LucidDB can run out of memory for the following reasons:

  • Failure to allocate buffer pool on startup. This can happen because the number of pages requested exceeds the available memory. LucidDB locks buffer pool pages (preventing them from being paged out), so the failure can be either from virtual memory limits (maximum address space size exceeded) or from physical memory limits (insufficient physical memory available to be locked). LucidDB currently only supports 32-bit address spaces, so the virtual memory limit may be as low as 2GB depending on the operating system.
  • Java heap limit exceeded. This is probably the most common failure, and can happen during just about any activity. It is usually caused by one of
    • setting that limit too low
    • setting the "codeCacheMaxBytes" parameter too high
    • overloading the server with too many concurrent requests given the available memory
  • Buffer pool exhausted. This can occur when a new statement is about to start executing if the resource governor detects that the statement's requirements cannot be satisified by the remaining buffers. This is usually caused by:
    • setting "cachePagesInit" too low
    • setting "expectedConcurrentStatements" too low (so that not enough of the buffer pool is kept in reserve for new statements)
    • setting "cacheReservePercentage" too high (so that not enough of the buffer pool is available for statement execution instead of disk caching)
    • overloading the server with too many concurrent requests given the available memory
  • Native heap allocation failure. This is rare; if encountered, it is most likely to be when a new statement is about to start executing rather than in the middle of statement execution. The cause is usually that some parameter (such as the Java heap size, buffer pool size, or code cache size) is set too high, meaning not enough virtual memory is left over for miscellaneous native heap allocations.
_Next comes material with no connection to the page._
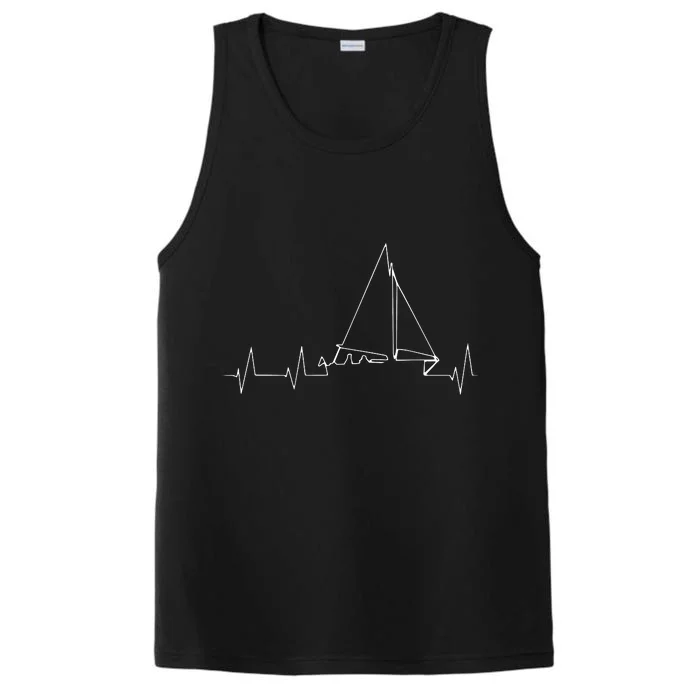 Funny Sailboat Heartbeat Cute Love To Sail Tee Gift Performance Tank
Limiting overall memory usage

This goal is achieved by limiting the settings for the JVM heap size, "cachePagesInit", and "codeCacheMaxBytes" parameters mentioned above. Roughly, the overall physical memory used by LucidDB can be calculated as the sum of

  • Java heap
  • Buffer pool
  • Native heap/stacks used by ExecStreams
  • Actively used portions of native code library images

Limits on the first two can be set directly. The last one should be fairly static at steady-state and can probably be estimated via operating-system working-set analysis utilities. The native heap is the hardest part; the only parameter which controls it is the code cache size, but that affects other objects as well.

Tuning for performance

TBD. Generally speaking, performance can be improved by increasing the sizes of the buffer pool and code cache, and by adjusting the "expectedConcurrentStatements" parameter to match the actual workload, but the details are very much application-dependent.

Note that for a database server, it is never a good idea to exceed available physical memory even if there is sufficient virtual memory available. In this instance, the goals of limiting usage and improving performance actually harmonize.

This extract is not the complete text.